For the first time in history, this feeling is based not only on qualitative research and designers’ “gut feelings” but is also supported by immense volumes of quantitative data collected and shared around the world*. This data provides a formula for places that are good for homo sapiens. The fact that a human-centric built environment is better for people’s health is now scientifically proven. It is therefore not a surprise that place making, that was in the past a domain of grass roots urbanism organisations, is now an important part of strategic ideas and policy documents like the governmental “Place Principle”, Designing Streets, Town Centre Toolkit or the Place Standard Tool which was cocreated with the NHS.
When it comes to the built environment it takes years between the moment an idea is described in a national policy and the moment it becomes an industry standard. This is where COVID-19 might paradoxically become an ally in accelerating the change to a better, healthier built environment.
We react to COVID-19 in many different ways. Many of these reactions are driven by physical health threats, but also by the anxieties and fears that they cause. Amongst all different reactions, there are some common denominators that keep reoccurring. We started to value parks and green open spaces much more – especially the ones within walking distance to our homes. Walking itself has changed! We prefer wide pavements or carriageways adapted for pedestrians or cyclists. Yes, there are fewer cars! We also avoid public transport. The air is cleaner, there is less noise pollution. In this setting we are happier and more comfortable to walk or cycle to our local shop, cafe or park. And the reason to do so is not just to buy something. This is how me meet friends and neighbours now. Some of those neighbours we’re meeting for the first time in our lives. This is our social life, which is so vital for our wellbeing. Over the last few months, the few tables in front of your local pub suddenly became the most prized spot on the street. Our lives became much more local: we are closely attached to our local centres, local economies and communities.
All of the above is driven by the iron rules of COVID-19 transmission. In order to avoid infections, contain the virus, stay healthy and minimise the number of deaths, we have to change our economy and the way we work and live. That means changing the way we think about and design the built environment that is the stage for those activities. Effortlessly, almost as a by-product, the new normal built environment supports well-being and good mental health.
The way we work has also changed. Working from home has become much more common. Suddenly the additional 2m2 of well-lit and well-ventilated space needed to comfortably locate a desk became critical for the standard home design. Setting up a workstation on a kitchen table every morning can be challenging. It’s also a potential mine field when it comes to interactions with people we share the flat with. For similar reasons, acoustic separation became more important. Everyone who has a furloughed neighbour who likes to play music just a bit too loud during working hours would understand. Since contact with nature is so important to our mental health, access to an outdoor space like a balcony or a garden can also hugely impact the experience of self isolation or lockdown. For some, it can be a nightmare; for others, it might feel almost like holidays. These are just a few examples showing how the design of the dwellings we live in, and now also work in, has an immense impact on minimal comfort and wellbeing during the pandemic.
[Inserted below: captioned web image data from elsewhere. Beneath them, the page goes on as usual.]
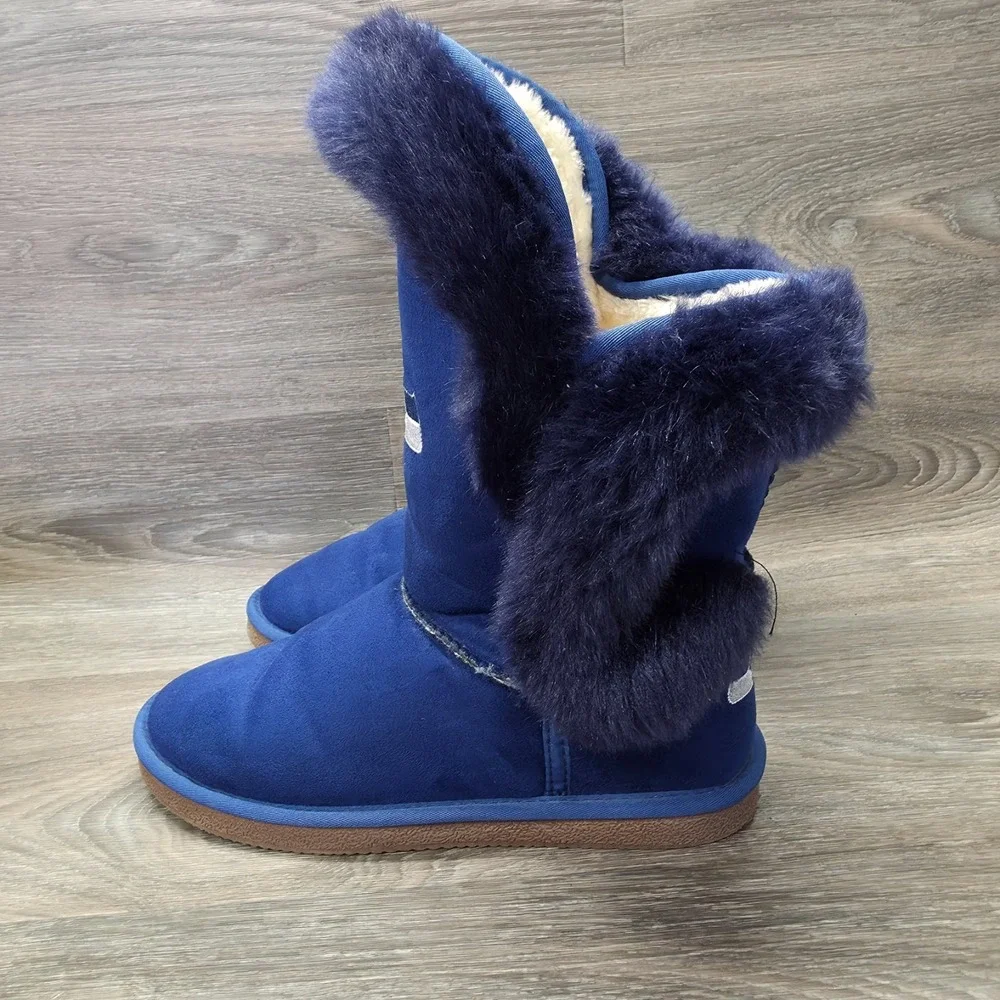 Seattle Seahawks Winter Boots Womens‎ 10 Blue NFL Faux Suede Faux Fur Cozy Plush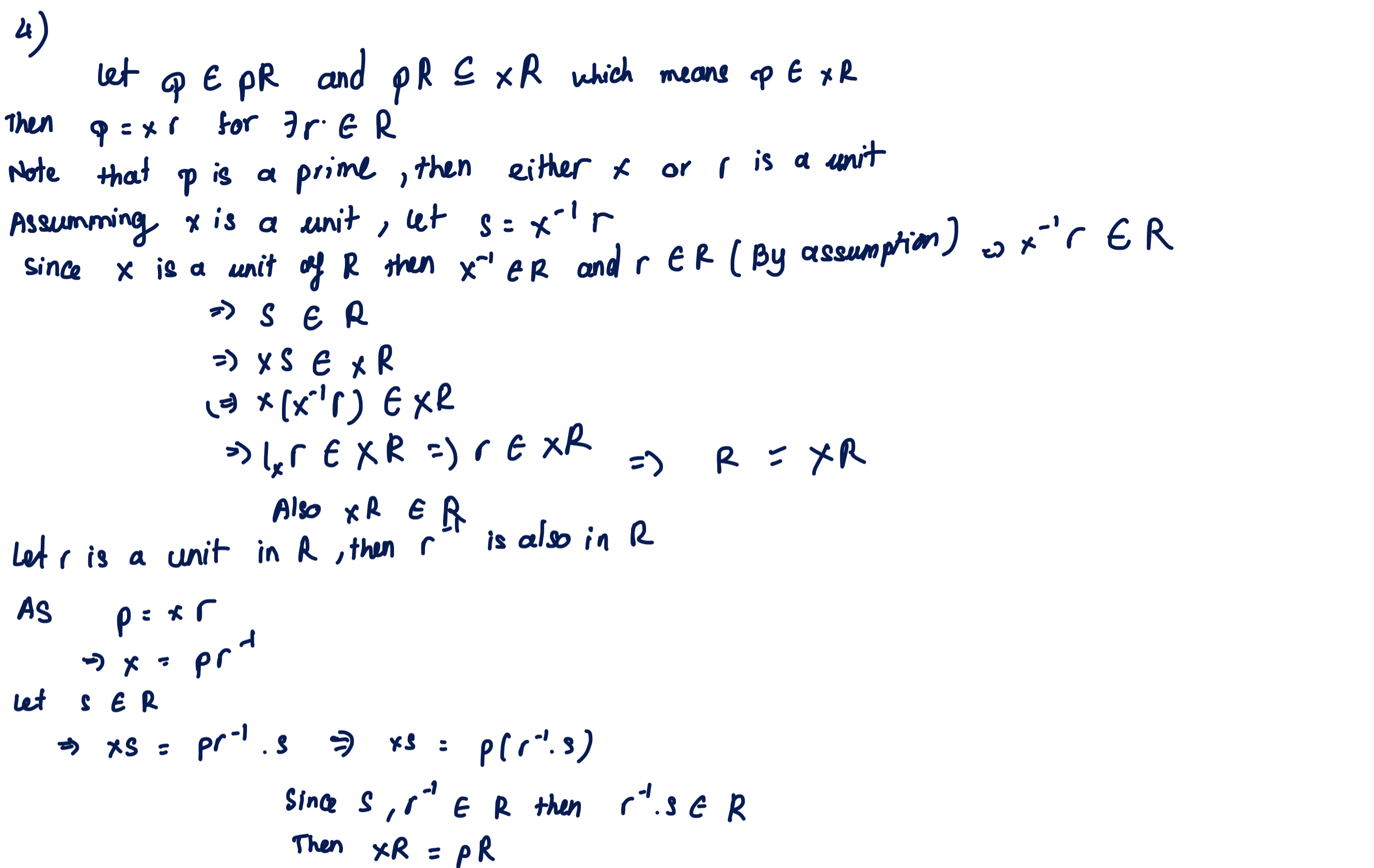  4) let P E PR and PR C XR which means
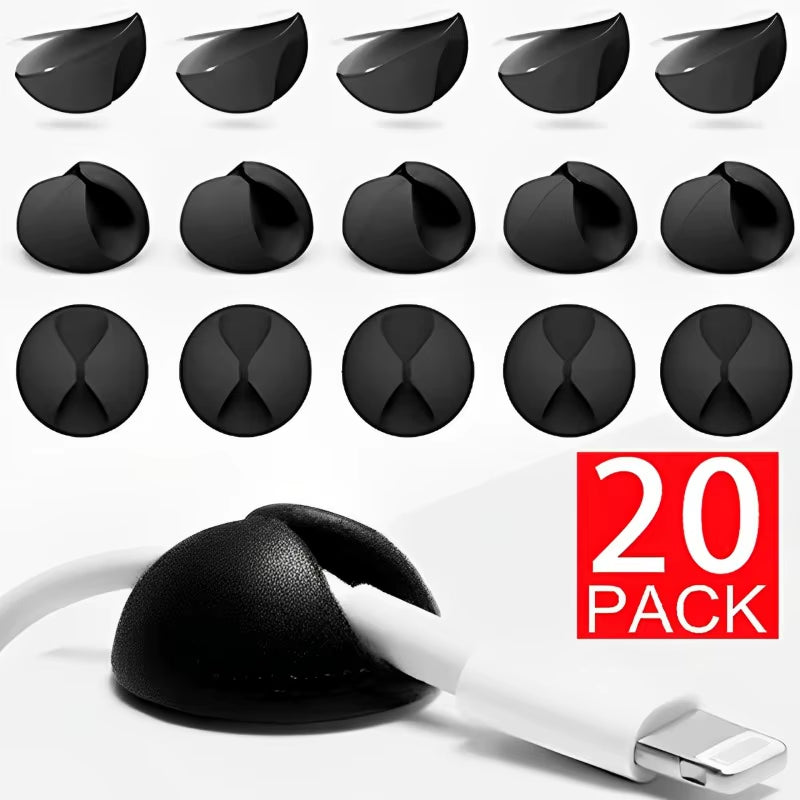 1/5/10/20Pcs Cable Clips Winder Silicone Cable Organizer Desk Wire Storage Charger Cord Holder for Car USB Charging Tablet Wire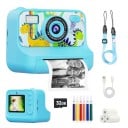 Dětský polaroid s okamžitým černobílým tiskem 2,4palcovou obrazovkou 1080P videem bleskem a filtry s kartou 32 GB a nabíjením USB-C 3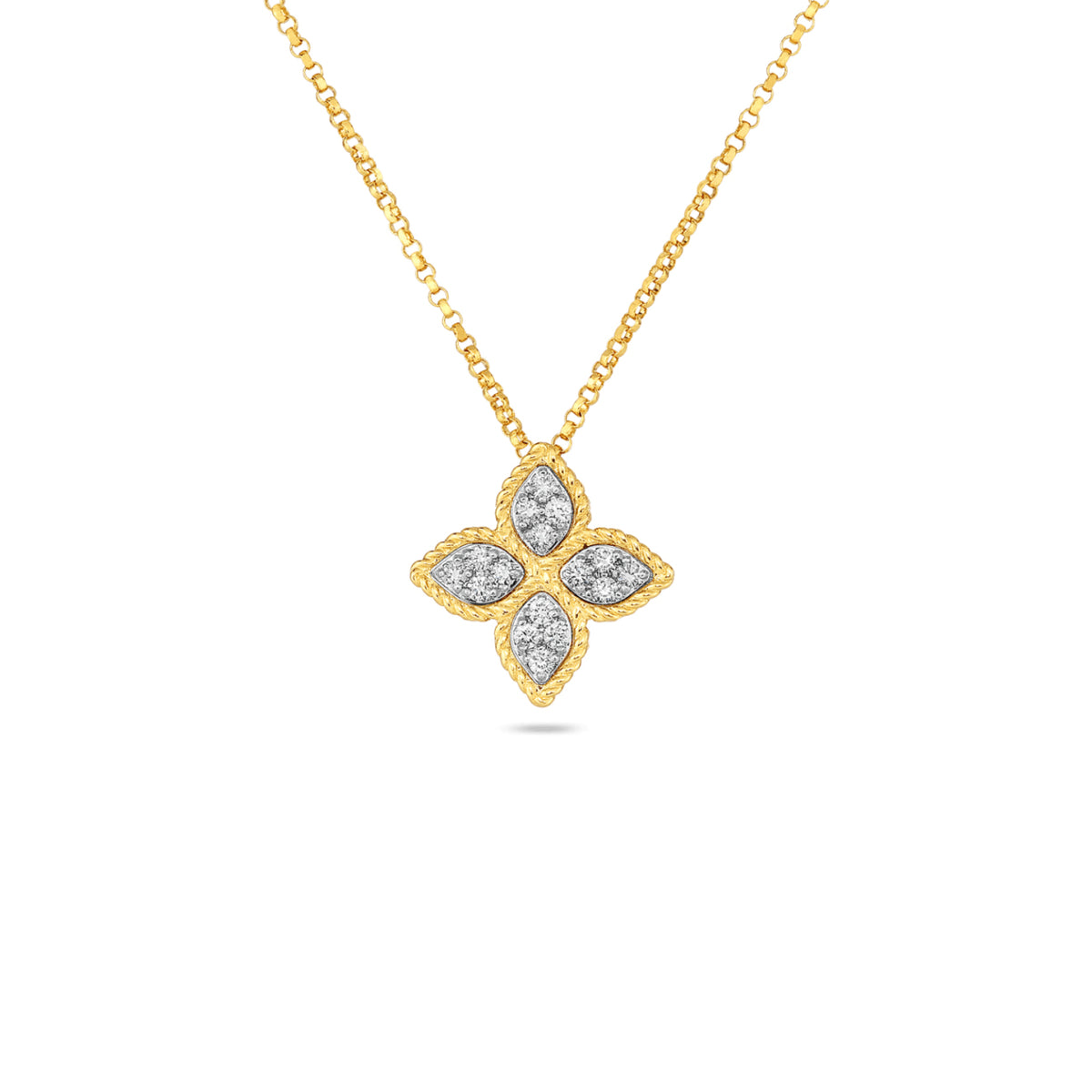 Roberto Coin Jewelry - Princess 18K Yellow Gold Medium Diamond Flower Pendant Necklace | Manfredi Jewels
Everyone working in Scotland with Domestic Technical Standards will be familiar with Section 7 on Sustainability. At this point achieving bronze level is obligatory. The silver and gold levels describe what used to be considered a higher quality design. In fact, the spatial, acoustic, and natural light requirements of the silver and gold levels describe a level which is essential to comfortably live in a world affected by COVID-19.
The above considerations barely scratch the surface of how the pandemic is changing the world we live in. Energy efficiency and resilience, commuting and transport, food production, office design, childcare, family celebrations; even eating out and dating are changing at a high pace. In each case the change and adjustment should lead to better, more resilient, healthier, more people-orientated and environmentally friendly design solutions. The bright ideas and great policies previously considered as a nice-to-have now need to become the new normal.
The demand for this shift is expected from local authorities, the private sector and the public. The benefits of this shift can now be easily explained with numbers representing savings and demand-driven profits. This could be anything between avoiding NHS costs for treatments for obesity or depression to higher value of properties in walkable communities.
I recently attended a very interesting talk about bouncing back to a better world after COVID-19 which was hosted by Causeway**. One of the most important messages from that talk was the idea that crises, even if they are scary and often very destructive, are also great opportunities. Difficult and unusual circumstances force us to switch off the “autopilot” we tend to live and work on. They force us to re-imagine and re-invent our everyday activities and implement the change right away. Let’s seize this moment. As a profession, as professionals and as individuals. Let’s think in gold standard.
Jarek Gasiorek, Senior Architect at Smith Scott Mullan Associates in Edinburgh.